Text Generation¶
Learn how to generate text with Mullama's inference engine, from basic completions to advanced chat interactions with fine-tuned sampling control.
Basic Generation¶
The simplest way to generate text from a prompt:
Context Parameters¶
Configure the inference context for your workload. Context parameters control the maximum sequence length, parallelism, and memory efficiency:
const context = new Context(model, {
nCtx: 4096, // Context window size (max tokens)
nBatch: 512, // Tokens processed per prompt batch
nThreads: 8, // CPU threads for generation
nThreadsBatch: 8, // CPU threads for batch processing
ropeFreqBase: 0.0, // RoPE frequency base (0 = model default)
ropeFreqScale: 0.0, // RoPE frequency scale (0 = model default)
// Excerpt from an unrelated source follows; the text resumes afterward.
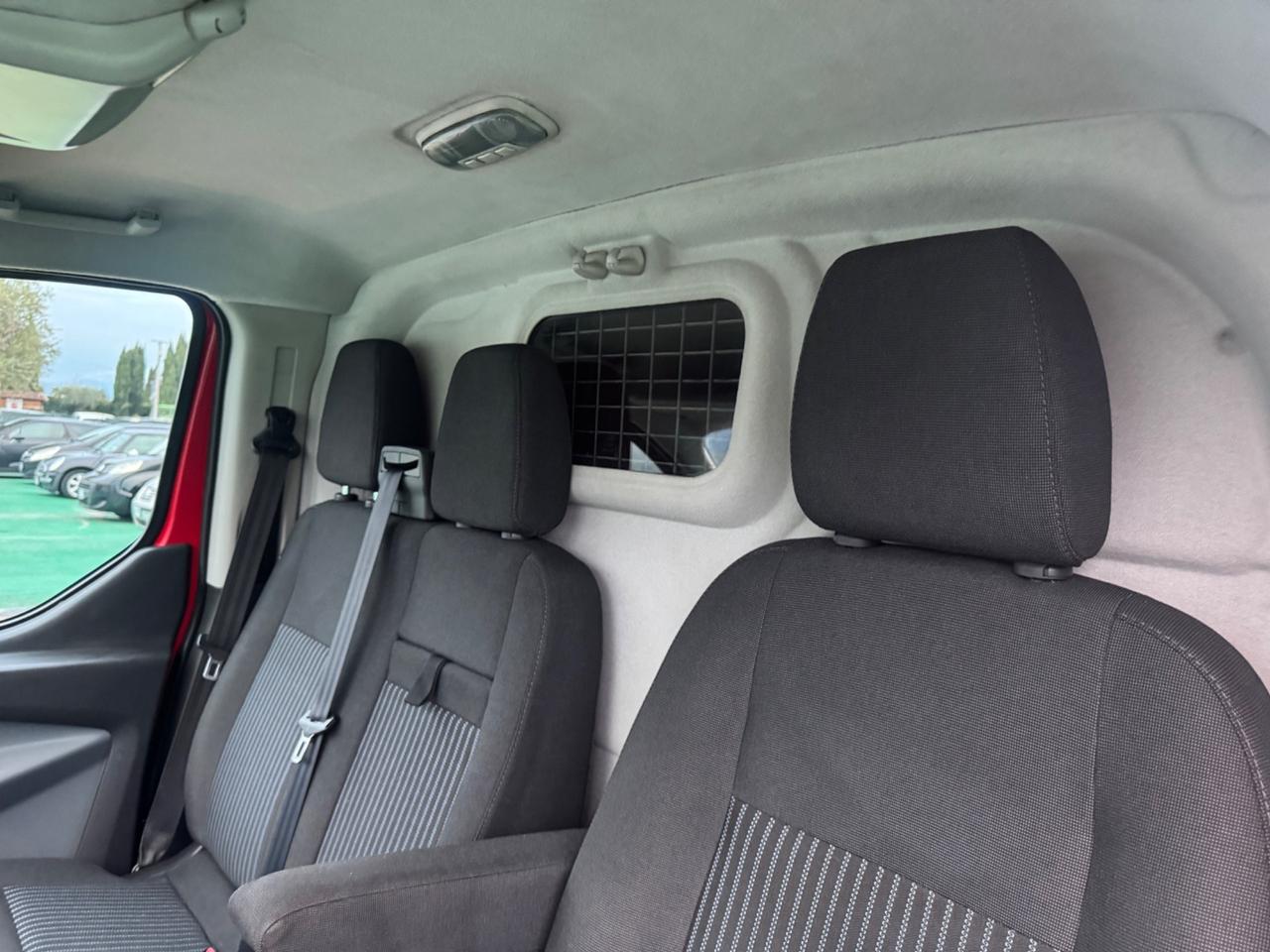 Ford Transit Custom 270 2.2 TDCi 155CV PC Furgone Trend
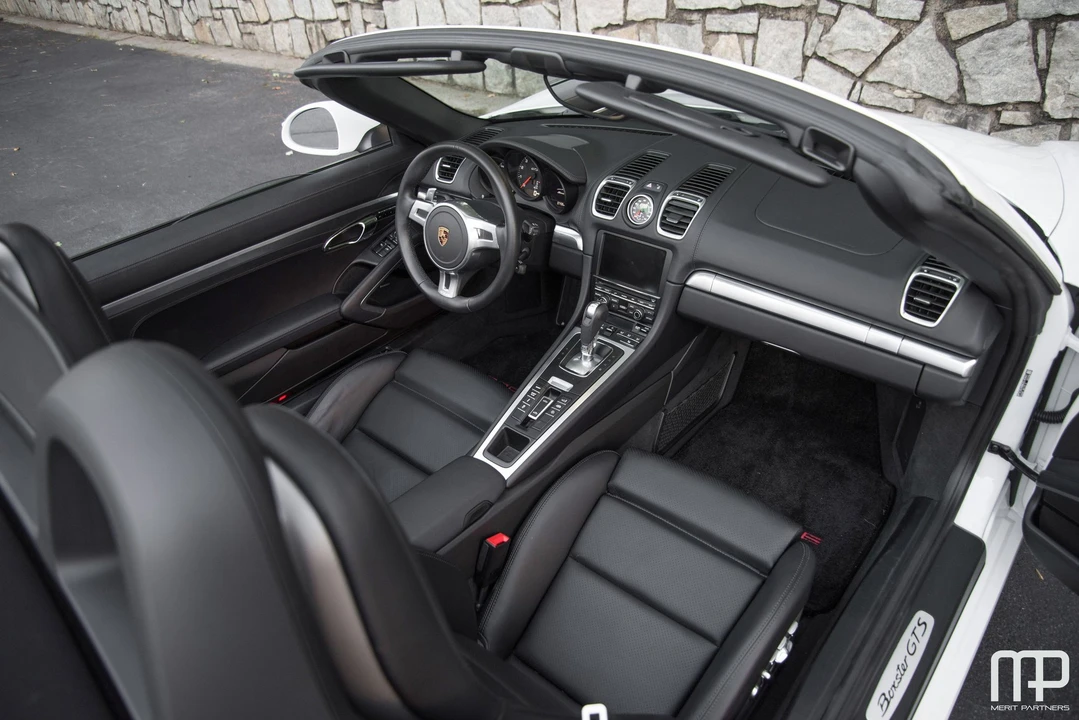 2016 Porsche 981 Boxster GTS - Image 22 of 31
flashAttn: true, // Enable flash attention
kvCacheType: 'f16', // KV cache quantization
});
from mullama import Context, ContextParams
context = Context(model, ContextParams(
n_ctx=4096, # Context window size (max tokens)
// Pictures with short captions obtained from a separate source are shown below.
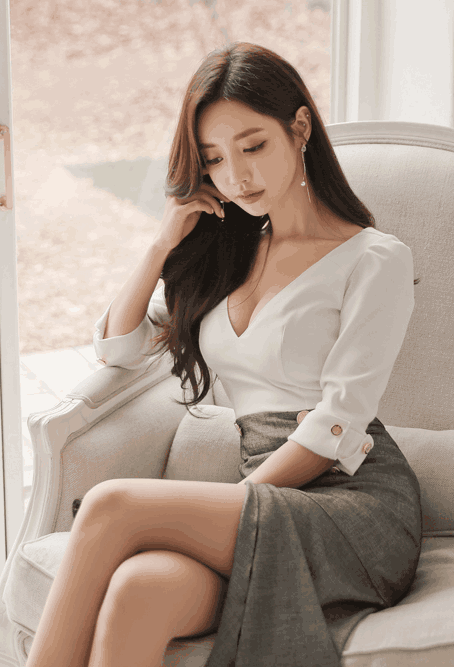 街拍：不规则包臀裙, 让你走路优雅自信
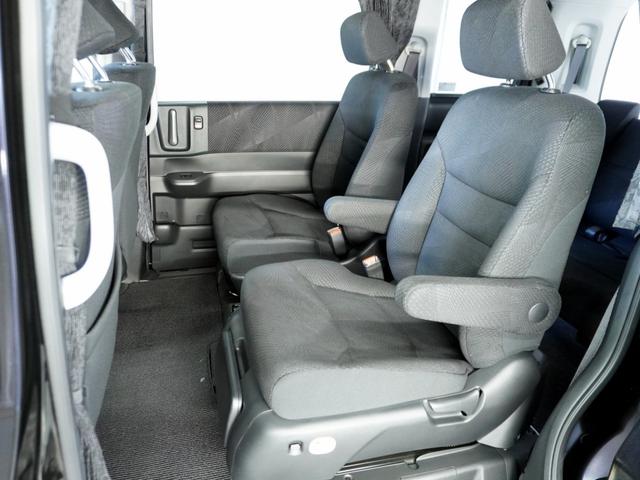 ステップワゴンスパーダ Ｓサイドリフトアップシート車　福祉車両ナビ両側電動扉ＲカメＥＴＣドラレコ（11枚目）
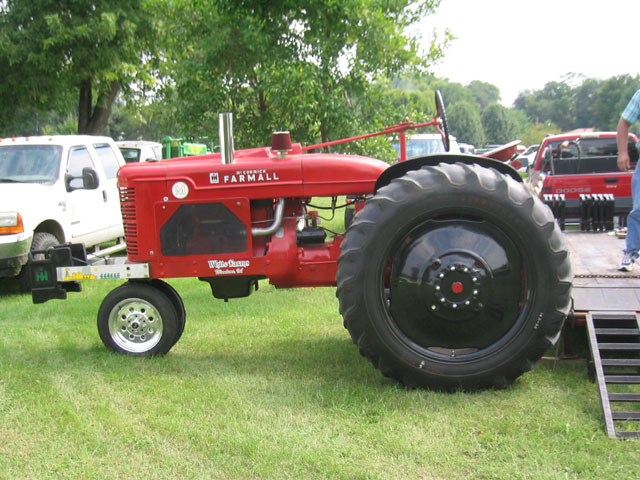 Farmall tractor at the tractor pull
n_batch=512, # Tokens processed per prompt batch
n_threads=8, # CPU threads for generation
n_threads_batch=8, # CPU threads for batch processing
rope_freq_base=0.0, # RoPE frequency base (0 = model default)
rope_freq_scale=0.0, # RoPE frequency scale (0 = model default)
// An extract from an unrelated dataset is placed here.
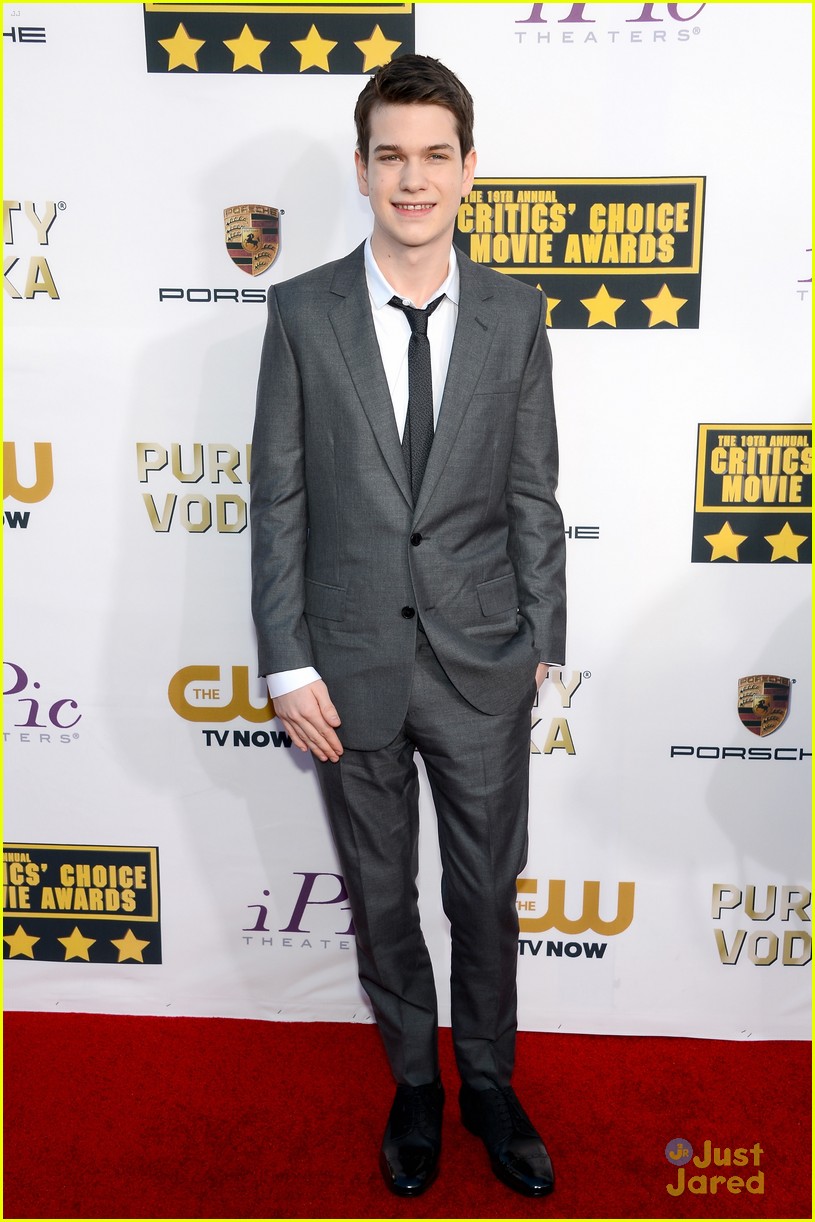 Sophie Nélisse & Adele Exarcholpoulos - Critics Choice Movie Awards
flash_attn=True, # Enable flash attention
kv_cache_type="f16", # KV cache quantization
))
use mullama::{Context, ContextParams, KvCacheType};
let params = ContextParams {
n_ctx: 4096,
n_batch: 512,
n_threads: 8,
n_threads_batch: 8,
rope_freq_base: 0.0,
rope_freq_scale: 0.0,
flash_attn: true,
kv_cache_type: KvCacheType::F16,
..Default::default()
};
let mut context = Context::new(model, params)?;
Parameter Reference¶
| Parameter | Type | Default | Description |
|---|---|---|---|
n_ctx |
usize |
Model default | Maximum context length in tokens |
n_batch |
usize |
2048 | Prompt processing batch size |
n_threads |
usize |
System cores | CPU threads for token generation |
n_threads_batch |
usize |
System cores | CPU threads for batch prompt processing |
rope_freq_base |
f32 |
0.0 (auto) | RoPE positional encoding frequency base |
rope_freq_scale |
f32 |
0.0 (auto) | RoPE frequency scaling factor |
flash_attn |
bool |
true |
Enable flash attention for memory efficiency |
embeddings |
bool |
false |
Enable embedding extraction |
kv_cache_type |
KvCacheType |
F16 |
KV cache quantization (F32/F16/BF16/Q8_0/Q4_0) |
Context Size vs Training Length
Setting n_ctx larger than the model's training context may work with RoPE scaling but can degrade quality. For best results, stay within the trained context window.
Sampling Parameters¶
Control the randomness and quality of generation with sampling parameters:
const response = await context.generate("Write a poem:", 200, {
temperature: 0.7, // Controls randomness (0.0 = deterministic)
topK: 40, // Consider only top K candidates
topP: 0.9, // Nucleus sampling threshold
minP: 0.05, // Minimum probability relative to top token
typicalP: 1.0, // Typical sampling threshold
penaltyRepeat: 1.1, // Penalize repeated tokens
penaltyFreq: 0.0, // Frequency-based penalty
penaltyPresent: 0.0, // Presence-based penalty
seed: 42, // Random seed for reproducibility
});
from mullama import SamplerParams
response = context.generate("Write a poem:", max_tokens=200, params=SamplerParams(
temperature=0.7, # Controls randomness (0.0 = deterministic)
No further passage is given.